::: DATA FOR PROCESSING

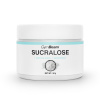 GymBeam Sukralóza 50 g GymBeam Sukralóza 50 g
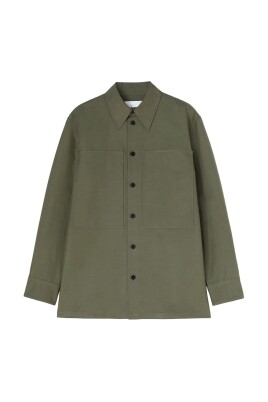 green-ss25-casual-shirt-men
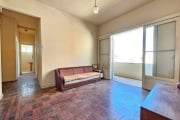 Apartamento com 2 quartos à venda na Rua Coronel Fernando Machado, 929, Centro Histórico, Porto Alegre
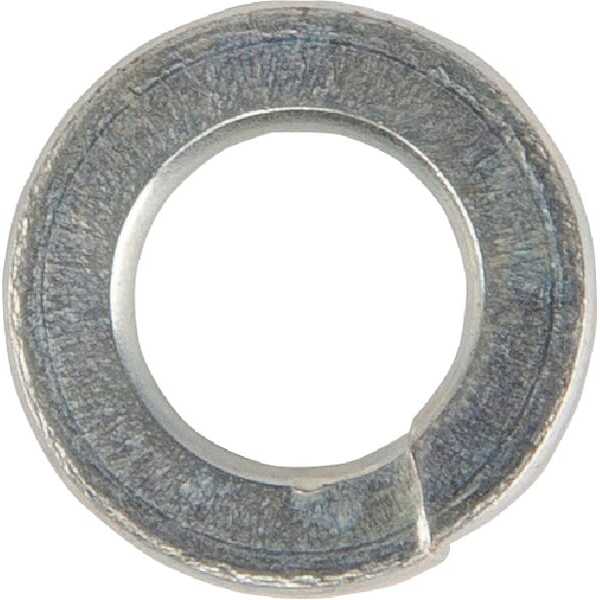 AL-KO Unterlegscheiben OE - AK704746 - Federring 6 mm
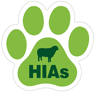 Herding - HIAs thumbnail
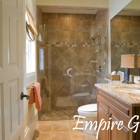 Empire Granite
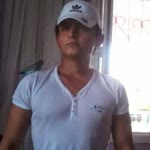 Ahmet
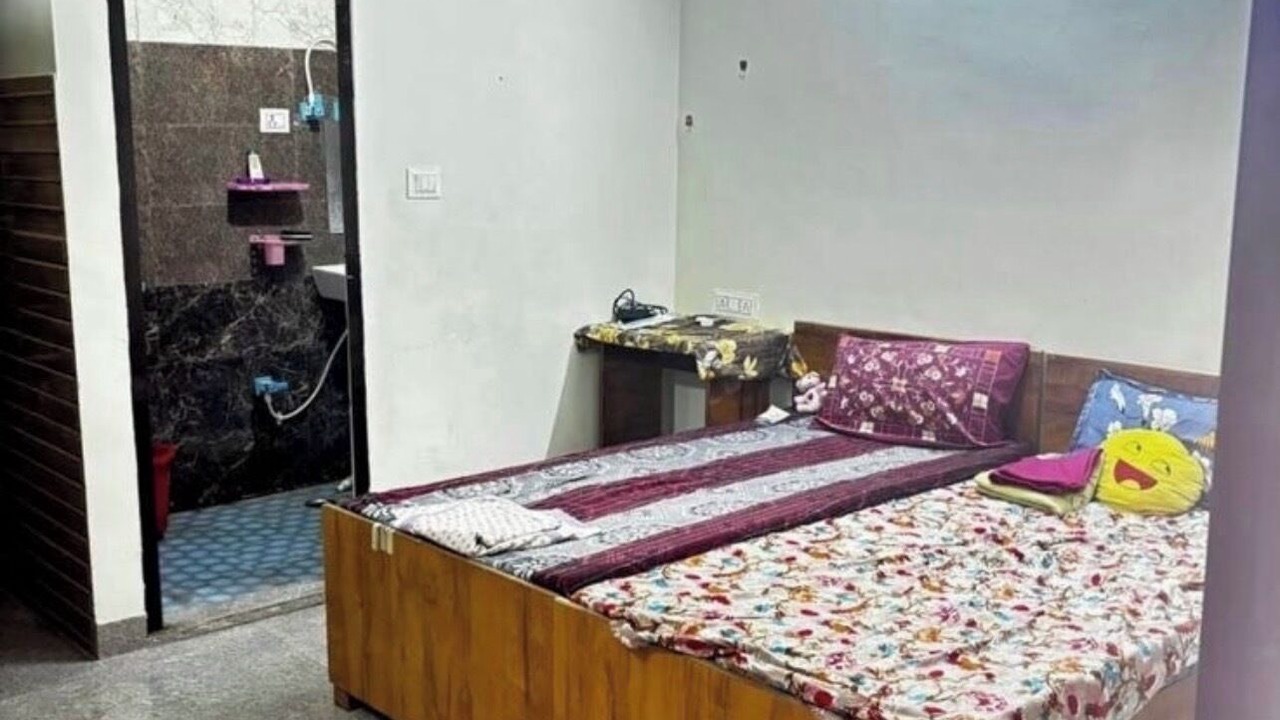 Photo of Bedroom in Ghatampur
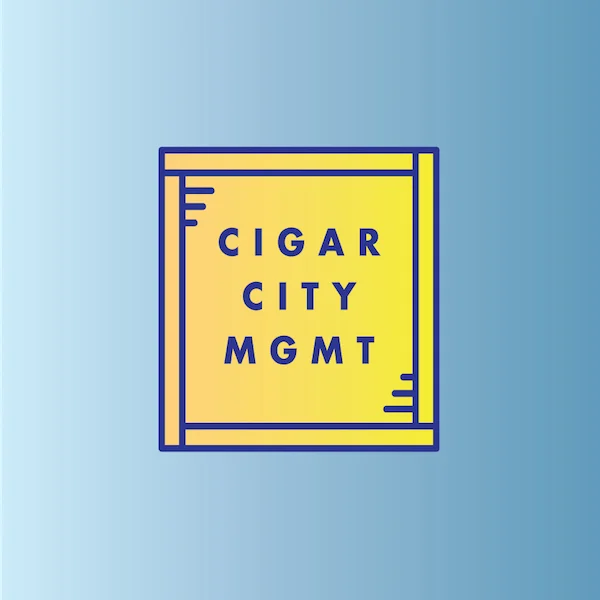 cigar-city_logo_proper_square.jpg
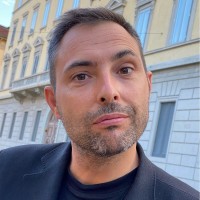 Alessandro Nardi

::::::

WHAT THE TASK ASKS: The copy you produce must match the entries above exactly, except that it has no pictures.

ANSWER FOR THE TASK:
 GymBeam Sukralóza 50 g GymBeam Sukralóza 50 g
 green-ss25-casual-shirt-men
 Apartamento com 2 quartos à venda na Rua Coronel Fernando Machado, 929, Centro Histórico, Porto Alegre
 AL-KO Unterlegscheiben OE - AK704746 - Federring 6 mm
 Herding - HIAs thumbnail
 Empire Granite
 Ahmet
 Photo of Bedroom in Ghatampur
 cigar-city_logo_proper_square.jpg
 Alessandro Nardi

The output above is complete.